セミナー 2023年

Yui Hayashi, YITP

[QCD theory Seminar] Higgs-confinement continuity in light of particle-vortex statistics

Online (Zoom)
Certain gauge theories with superfluidity, such as dense QCD, exhibit nontrivial Aharonov-Bohm (AB) phases around vortices, or anyonic particle-vortex statistics, in the Higgs regime. There has been a debate on whether this nontrivial AB phase implies a Higgs-confinement transition even with fundamental matters. In this seminar, we address this question in favor of Higgs-confinement continuity. By performing explicit calculations in relevant lattice models, we demonstrate how the AB phase realizes the continuity between the confining and Higgs regimes. In particular, this result supports the possibility of the quark-hadron continuity scenario.
This talk is based on arXiv:2303.02129 [hep-th].

Toshiki Kurita, IPMU

Constraints on anisotropic primordial non-Gaussianity from intrinsic alignments of SDSS-III BOSS galaxies

Hybrid On-site: Seminar room 321, 322 Online:(Zoom)
The current standard cosmological model, LambdaCDM model, predicts that the present-day cosmic large-scale structure (LSS) has formed as a result of a gravitational amplification of seed primordial fluctuations that were generated in the early universe such as inflationary scenario. The standard method to analyze LSS is based on the three-dimensional distribution of galaxies, inferred from their positions on the sky and redshifts. Here we show that “shapes” of galaxies, inferred from light (star) distribution in each galaxy, similarly originate from the primordial fluctuations in LSS formation — this phenomenon is called intrinsic alignments (IAs) of galaxy shapes. In this talk I will describe what the IA effect is, and show the actual measurement results from the SDSS-III BOSS datasets and the constraints on the anisotropic (quadrupolar) local primordial non-Gaussianity.
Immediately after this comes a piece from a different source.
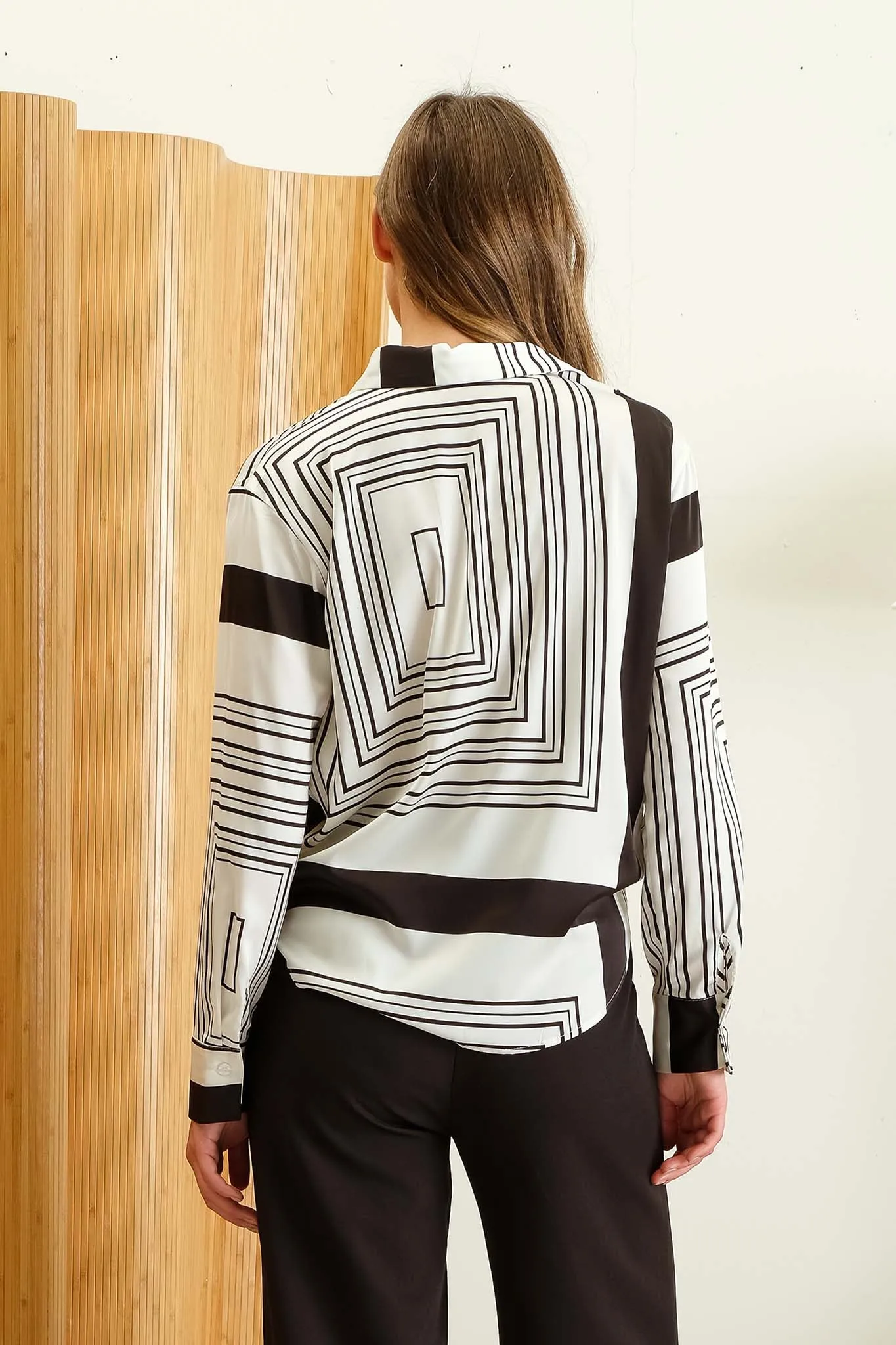 GEO PRINT COLLARED BUTTON DOWN LONG SLEEVE SHIRT sold by Blu Pepper product image thumbnail 2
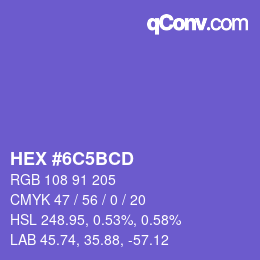 颜色代码: HEX #6C5BCD | qconv.com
Yoshiki Kanazawa, University of Tokyo

Solution to Axion Quality Problem by Non-Minimal Gravitational Coupling

Hybrid On-site: Seminar room 321, 322 Online: Zoom
It is expected that any global symmetry is explicitly violated by gravity. In QCD axion models, the effective axion potential obtains other terms than QCD contributions due to gravitational violation of the global U(1) Peccei-Quinn (PQ) symmetry, and the minimum of the potential is deviated from the CP-conserving points. In general, the deviation is large enough to invalidate the PQ solution to the strong CP problem. This is called “quality problem“. In this talk, assuming that axionic wormhole is the only source of gravitational violation of U(1) PQ symmetry, we give a novel solution to the quality problem in which a non-minimal gravitational coupling is introduced to suppress the gravitational violation. We discuss our solution for two formulations of the gravity; the metric and the Palatini formulations. We will show that the condition to avoid the quality problem is different between the two formulations.

Elisa Ferreira, IPMU

Narrowing the mass range of ultra-light dark matter

Hybrid On-site: Seminar room 321, 322 Online:(Zoom)
In this talk, I will discuss the latest efforts to constraint the mass of the ultra-light dark matter models, focusing on the current bounds on the fuzzy dark matter (FDM) model. I will show how we can use the different predictions of this model and different astrophysical systems to put the strongest bounds to date on the mass of this ultra-light axion, showing also the incompatibilities that are currently present in these bounds. I will also discuss the current developments in using interference patterns and vortices as a way to probe the FDM model and give the example of strong lensing as a powerful probe to measure this wave behaviour. If time permits, I will also introduce the superfluid DM model, where DM forms a superfluid in galaxies leading to an effective dynamics representing that of MOdified Newtonian Dynamics (MOND) on galactic scales.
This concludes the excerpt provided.